====== Material for the task

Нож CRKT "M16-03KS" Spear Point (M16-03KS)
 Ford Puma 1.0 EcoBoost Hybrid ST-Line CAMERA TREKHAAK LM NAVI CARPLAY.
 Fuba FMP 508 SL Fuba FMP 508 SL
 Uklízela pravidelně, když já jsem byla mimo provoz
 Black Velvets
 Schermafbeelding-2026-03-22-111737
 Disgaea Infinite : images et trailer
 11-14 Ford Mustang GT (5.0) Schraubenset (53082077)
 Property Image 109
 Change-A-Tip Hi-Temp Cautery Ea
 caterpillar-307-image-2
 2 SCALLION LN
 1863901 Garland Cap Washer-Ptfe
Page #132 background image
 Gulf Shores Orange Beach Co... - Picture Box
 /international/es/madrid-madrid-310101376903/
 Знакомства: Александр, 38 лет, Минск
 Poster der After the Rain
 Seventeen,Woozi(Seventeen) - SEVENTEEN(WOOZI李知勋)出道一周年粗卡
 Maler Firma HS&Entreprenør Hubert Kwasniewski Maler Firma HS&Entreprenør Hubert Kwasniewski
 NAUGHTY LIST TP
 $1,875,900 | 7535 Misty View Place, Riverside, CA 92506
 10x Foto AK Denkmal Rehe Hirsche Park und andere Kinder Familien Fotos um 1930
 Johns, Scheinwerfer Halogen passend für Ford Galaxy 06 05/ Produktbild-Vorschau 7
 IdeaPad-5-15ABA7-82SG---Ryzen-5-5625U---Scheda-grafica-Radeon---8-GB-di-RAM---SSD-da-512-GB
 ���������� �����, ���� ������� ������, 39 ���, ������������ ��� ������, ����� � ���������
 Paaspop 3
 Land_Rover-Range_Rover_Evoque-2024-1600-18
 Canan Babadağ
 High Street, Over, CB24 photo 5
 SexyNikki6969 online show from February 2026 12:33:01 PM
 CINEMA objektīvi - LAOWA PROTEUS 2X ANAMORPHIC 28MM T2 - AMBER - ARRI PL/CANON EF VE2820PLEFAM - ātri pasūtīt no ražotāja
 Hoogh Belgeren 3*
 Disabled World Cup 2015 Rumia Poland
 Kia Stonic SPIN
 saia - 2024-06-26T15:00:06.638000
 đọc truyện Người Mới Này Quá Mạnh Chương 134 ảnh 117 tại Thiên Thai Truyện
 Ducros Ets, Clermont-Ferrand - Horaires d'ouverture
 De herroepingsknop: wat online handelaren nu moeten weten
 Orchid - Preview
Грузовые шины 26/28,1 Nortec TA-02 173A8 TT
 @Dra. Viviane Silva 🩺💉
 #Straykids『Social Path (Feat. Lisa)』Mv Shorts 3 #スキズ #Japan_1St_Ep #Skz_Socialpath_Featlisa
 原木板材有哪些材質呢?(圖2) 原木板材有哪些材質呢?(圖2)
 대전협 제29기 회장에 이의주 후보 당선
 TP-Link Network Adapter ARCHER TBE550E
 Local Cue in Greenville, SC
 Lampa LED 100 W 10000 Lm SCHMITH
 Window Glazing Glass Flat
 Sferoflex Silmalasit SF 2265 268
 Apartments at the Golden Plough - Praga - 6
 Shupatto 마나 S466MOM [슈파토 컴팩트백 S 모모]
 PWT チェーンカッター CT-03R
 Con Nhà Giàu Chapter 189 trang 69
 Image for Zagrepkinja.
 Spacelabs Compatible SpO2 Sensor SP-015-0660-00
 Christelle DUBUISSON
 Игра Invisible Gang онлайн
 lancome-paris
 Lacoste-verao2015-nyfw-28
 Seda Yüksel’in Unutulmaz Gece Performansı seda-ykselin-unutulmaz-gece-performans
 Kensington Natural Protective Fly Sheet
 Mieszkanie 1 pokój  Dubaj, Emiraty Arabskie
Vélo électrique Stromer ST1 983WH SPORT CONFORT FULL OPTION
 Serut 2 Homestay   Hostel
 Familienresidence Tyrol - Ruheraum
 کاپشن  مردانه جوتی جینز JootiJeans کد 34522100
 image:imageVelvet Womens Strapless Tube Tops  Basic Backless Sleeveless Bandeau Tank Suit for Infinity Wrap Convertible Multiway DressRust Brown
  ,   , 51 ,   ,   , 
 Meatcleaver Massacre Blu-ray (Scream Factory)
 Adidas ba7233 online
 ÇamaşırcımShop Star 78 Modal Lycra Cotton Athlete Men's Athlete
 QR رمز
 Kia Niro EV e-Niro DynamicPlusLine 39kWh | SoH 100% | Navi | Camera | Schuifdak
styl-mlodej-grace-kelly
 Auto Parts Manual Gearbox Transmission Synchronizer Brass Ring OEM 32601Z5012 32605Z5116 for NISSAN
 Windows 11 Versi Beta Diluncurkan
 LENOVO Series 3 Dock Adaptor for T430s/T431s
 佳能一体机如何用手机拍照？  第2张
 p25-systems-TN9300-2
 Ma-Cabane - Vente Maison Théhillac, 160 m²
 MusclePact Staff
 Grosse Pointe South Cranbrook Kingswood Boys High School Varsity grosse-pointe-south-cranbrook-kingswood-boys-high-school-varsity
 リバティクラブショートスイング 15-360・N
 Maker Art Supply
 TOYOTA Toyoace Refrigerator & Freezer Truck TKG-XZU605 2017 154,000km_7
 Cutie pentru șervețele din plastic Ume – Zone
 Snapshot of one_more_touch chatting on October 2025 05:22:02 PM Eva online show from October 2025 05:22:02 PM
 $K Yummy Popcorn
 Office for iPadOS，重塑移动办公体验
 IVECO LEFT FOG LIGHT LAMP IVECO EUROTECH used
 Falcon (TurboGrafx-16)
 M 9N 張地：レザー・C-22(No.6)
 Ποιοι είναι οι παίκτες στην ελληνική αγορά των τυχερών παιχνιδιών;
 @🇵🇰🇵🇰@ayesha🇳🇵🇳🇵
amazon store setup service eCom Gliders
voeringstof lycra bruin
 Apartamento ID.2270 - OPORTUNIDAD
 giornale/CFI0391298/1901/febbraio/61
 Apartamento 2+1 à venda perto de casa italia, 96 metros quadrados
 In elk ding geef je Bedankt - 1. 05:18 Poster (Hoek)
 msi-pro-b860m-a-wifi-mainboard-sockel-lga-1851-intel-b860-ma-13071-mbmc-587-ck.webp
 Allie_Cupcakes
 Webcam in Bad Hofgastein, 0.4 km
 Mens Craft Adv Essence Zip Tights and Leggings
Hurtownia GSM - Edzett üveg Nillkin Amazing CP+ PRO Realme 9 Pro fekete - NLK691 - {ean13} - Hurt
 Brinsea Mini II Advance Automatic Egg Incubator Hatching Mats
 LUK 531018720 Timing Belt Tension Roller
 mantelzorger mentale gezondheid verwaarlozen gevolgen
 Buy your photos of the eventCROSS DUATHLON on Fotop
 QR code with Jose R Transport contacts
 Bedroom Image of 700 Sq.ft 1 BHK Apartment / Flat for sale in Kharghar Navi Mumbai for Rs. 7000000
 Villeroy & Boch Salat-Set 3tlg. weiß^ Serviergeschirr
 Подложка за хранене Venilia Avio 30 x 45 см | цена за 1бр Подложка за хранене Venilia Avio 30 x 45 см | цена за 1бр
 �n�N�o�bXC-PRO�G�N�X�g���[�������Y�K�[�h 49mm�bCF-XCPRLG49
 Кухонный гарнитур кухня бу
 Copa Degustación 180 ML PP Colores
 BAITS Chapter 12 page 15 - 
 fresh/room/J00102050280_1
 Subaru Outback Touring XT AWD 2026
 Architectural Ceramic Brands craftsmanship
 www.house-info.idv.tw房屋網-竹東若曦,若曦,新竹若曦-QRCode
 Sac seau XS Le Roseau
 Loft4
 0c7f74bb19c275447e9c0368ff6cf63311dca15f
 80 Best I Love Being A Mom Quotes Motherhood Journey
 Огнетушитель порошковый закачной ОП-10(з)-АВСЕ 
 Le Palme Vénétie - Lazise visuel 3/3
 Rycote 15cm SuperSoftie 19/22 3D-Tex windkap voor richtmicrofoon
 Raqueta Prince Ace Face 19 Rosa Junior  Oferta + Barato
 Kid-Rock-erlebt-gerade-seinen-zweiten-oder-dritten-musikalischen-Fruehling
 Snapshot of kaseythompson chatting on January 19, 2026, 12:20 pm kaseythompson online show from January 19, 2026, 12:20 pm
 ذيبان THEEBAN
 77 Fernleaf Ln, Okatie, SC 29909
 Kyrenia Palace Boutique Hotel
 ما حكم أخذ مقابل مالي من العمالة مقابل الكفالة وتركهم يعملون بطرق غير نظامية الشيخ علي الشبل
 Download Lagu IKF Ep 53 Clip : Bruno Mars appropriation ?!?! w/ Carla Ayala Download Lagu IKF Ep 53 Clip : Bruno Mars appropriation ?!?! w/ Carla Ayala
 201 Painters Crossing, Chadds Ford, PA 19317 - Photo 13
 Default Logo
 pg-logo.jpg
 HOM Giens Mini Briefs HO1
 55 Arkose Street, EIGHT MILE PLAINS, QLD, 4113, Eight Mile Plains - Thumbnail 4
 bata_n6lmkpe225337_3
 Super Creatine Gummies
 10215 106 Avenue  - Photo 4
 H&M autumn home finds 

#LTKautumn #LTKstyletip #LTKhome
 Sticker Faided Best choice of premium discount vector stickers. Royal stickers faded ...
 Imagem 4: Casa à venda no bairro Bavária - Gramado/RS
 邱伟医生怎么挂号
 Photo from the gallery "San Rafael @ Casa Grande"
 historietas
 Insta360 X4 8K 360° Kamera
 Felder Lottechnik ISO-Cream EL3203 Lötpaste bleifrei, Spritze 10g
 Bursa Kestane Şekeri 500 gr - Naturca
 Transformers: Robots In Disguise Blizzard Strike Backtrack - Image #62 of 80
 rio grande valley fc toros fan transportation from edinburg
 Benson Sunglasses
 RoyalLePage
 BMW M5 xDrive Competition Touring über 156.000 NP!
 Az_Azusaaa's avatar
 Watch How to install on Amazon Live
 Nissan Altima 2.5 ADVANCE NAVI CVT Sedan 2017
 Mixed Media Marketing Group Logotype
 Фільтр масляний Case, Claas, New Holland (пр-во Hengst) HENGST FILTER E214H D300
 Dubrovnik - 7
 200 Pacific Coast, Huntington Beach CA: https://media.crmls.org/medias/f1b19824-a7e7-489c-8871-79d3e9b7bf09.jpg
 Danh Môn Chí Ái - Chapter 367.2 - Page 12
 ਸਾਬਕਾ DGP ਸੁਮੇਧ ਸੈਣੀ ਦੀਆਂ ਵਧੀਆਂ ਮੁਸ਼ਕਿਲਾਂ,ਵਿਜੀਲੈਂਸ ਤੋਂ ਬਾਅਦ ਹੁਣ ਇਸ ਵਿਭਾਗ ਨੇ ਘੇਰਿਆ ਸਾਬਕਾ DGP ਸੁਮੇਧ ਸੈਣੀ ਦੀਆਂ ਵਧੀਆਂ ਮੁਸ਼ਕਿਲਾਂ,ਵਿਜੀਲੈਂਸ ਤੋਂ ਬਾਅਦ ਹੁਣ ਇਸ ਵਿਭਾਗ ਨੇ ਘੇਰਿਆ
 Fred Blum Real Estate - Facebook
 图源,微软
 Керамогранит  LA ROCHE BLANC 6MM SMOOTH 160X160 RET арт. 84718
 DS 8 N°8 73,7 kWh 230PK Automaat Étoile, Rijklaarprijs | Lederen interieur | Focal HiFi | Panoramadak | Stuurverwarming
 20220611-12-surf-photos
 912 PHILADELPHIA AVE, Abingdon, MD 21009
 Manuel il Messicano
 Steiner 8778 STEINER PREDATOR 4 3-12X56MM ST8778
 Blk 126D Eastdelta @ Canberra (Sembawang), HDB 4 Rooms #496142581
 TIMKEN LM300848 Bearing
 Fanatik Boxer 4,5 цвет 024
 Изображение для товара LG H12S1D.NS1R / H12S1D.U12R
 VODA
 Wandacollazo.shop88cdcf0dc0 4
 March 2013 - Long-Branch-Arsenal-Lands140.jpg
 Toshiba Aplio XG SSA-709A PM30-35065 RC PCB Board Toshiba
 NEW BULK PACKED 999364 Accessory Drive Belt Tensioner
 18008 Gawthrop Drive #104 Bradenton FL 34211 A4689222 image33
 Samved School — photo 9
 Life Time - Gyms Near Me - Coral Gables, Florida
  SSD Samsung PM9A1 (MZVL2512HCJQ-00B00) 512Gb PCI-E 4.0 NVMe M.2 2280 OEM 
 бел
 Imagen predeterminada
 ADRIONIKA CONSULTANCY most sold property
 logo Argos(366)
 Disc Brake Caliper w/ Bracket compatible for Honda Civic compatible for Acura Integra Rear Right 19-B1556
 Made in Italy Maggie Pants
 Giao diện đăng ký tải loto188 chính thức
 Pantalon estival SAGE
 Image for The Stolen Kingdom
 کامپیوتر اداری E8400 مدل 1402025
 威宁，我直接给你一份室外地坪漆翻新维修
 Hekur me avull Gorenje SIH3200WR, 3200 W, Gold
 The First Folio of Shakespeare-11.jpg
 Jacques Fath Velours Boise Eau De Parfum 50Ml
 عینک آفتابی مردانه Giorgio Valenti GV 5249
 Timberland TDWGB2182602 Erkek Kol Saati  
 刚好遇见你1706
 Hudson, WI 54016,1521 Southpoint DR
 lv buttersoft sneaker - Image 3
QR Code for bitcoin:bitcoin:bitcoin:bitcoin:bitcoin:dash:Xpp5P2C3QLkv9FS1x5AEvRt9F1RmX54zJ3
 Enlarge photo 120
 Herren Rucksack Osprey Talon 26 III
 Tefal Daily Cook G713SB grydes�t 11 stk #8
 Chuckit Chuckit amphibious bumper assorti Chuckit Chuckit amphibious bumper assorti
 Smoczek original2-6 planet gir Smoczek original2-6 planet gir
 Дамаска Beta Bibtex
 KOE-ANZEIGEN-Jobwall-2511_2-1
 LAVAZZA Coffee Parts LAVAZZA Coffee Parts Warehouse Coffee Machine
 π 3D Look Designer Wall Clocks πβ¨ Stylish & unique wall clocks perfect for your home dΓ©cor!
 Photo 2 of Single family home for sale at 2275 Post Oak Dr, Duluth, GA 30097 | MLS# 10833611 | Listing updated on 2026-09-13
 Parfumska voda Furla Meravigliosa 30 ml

============

Given the records above, restate word for word only the lines starting at the one with "0c7f74bb19c275447e9c0368ff6cf63311dca15f" and ending at the one with "ما حكم أخذ مقابل".

 0c7f74bb19c275447e9c0368ff6cf63311dca15f
 80 Best I Love Being A Mom Quotes Motherhood Journey
 Огнетушитель порошковый закачной ОП-10(з)-АВСЕ 
 Le Palme Vénétie - Lazise visuel 3/3
 Rycote 15cm SuperSoftie 19/22 3D-Tex windkap voor richtmicrofoon
 Raqueta Prince Ace Face 19 Rosa Junior  Oferta + Barato
 Kid-Rock-erlebt-gerade-seinen-zweiten-oder-dritten-musikalischen-Fruehling
 Snapshot of kaseythompson chatting on January 19, 2026, 12:20 pm kaseythompson online show from January 19, 2026, 12:20 pm
 ذيبان THEEBAN
 77 Fernleaf Ln, Okatie, SC 29909
 Kyrenia Palace Boutique Hotel
 ما حكم أخذ مقابل مالي من العمالة مقابل الكفالة وتركهم يعملون بطرق غير نظامية الشيخ علي الشبل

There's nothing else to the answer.